> Your instructions
Use the entries below and reproduce exactly the lines from the one containing "A woman dancing in front of a big building" down to the one containing "Europeiska-ser pojke på", both of them included.

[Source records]
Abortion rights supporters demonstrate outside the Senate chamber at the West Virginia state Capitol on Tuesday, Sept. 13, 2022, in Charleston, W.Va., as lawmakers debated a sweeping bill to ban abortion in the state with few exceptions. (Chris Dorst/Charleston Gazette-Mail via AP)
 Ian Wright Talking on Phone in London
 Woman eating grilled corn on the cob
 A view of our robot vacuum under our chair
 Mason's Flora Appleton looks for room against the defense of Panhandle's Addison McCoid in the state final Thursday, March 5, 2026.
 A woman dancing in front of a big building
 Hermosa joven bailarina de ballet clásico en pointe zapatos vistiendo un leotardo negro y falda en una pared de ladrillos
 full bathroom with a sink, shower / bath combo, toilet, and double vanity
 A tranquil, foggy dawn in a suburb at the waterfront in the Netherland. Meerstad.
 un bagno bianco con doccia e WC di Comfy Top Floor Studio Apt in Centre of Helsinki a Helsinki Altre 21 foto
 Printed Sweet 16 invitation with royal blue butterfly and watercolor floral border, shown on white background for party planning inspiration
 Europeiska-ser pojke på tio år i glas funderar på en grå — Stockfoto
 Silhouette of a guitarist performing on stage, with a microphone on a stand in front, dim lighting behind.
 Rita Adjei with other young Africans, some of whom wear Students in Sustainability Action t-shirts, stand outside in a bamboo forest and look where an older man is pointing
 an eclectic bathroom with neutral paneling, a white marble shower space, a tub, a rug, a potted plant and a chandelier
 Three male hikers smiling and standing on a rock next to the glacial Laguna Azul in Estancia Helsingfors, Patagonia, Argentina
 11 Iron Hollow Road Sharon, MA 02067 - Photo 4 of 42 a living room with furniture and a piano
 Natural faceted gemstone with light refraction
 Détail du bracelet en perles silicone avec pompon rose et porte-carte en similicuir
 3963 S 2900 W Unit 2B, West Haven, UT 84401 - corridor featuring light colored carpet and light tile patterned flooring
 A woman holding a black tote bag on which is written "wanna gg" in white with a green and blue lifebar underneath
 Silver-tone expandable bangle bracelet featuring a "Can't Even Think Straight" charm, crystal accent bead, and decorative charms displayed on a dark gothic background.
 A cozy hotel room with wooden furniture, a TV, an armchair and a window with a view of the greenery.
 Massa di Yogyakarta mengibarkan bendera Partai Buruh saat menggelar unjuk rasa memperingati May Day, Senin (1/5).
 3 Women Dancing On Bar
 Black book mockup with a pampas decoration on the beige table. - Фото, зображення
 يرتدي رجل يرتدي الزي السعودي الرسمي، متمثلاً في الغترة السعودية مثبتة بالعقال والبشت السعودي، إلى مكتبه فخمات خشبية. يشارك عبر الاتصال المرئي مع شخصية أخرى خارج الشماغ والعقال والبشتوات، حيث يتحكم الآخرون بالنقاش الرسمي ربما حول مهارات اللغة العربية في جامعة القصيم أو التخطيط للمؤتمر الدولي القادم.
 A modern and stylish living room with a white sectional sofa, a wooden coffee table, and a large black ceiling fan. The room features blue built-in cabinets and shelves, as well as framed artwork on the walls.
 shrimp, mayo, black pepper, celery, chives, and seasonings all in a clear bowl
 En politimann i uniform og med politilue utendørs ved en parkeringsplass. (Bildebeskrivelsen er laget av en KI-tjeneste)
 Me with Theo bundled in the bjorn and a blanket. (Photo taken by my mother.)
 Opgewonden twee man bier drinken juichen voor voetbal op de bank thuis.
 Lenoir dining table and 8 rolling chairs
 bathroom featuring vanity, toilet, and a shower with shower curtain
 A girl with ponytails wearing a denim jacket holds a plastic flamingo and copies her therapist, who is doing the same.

> Solution to this problem
 A woman dancing in front of a big building
 Hermosa joven bailarina de ballet clásico en pointe zapatos vistiendo un leotardo negro y falda en una pared de ladrillos
 full bathroom with a sink, shower / bath combo, toilet, and double vanity
 A tranquil, foggy dawn in a suburb at the waterfront in the Netherland. Meerstad.
 un bagno bianco con doccia e WC di Comfy Top Floor Studio Apt in Centre of Helsinki a Helsinki Altre 21 foto
 Printed Sweet 16 invitation with royal blue butterfly and watercolor floral border, shown on white background for party planning inspiration
 Europeiska-ser pojke på tio år i glas funderar på en grå — Stockfoto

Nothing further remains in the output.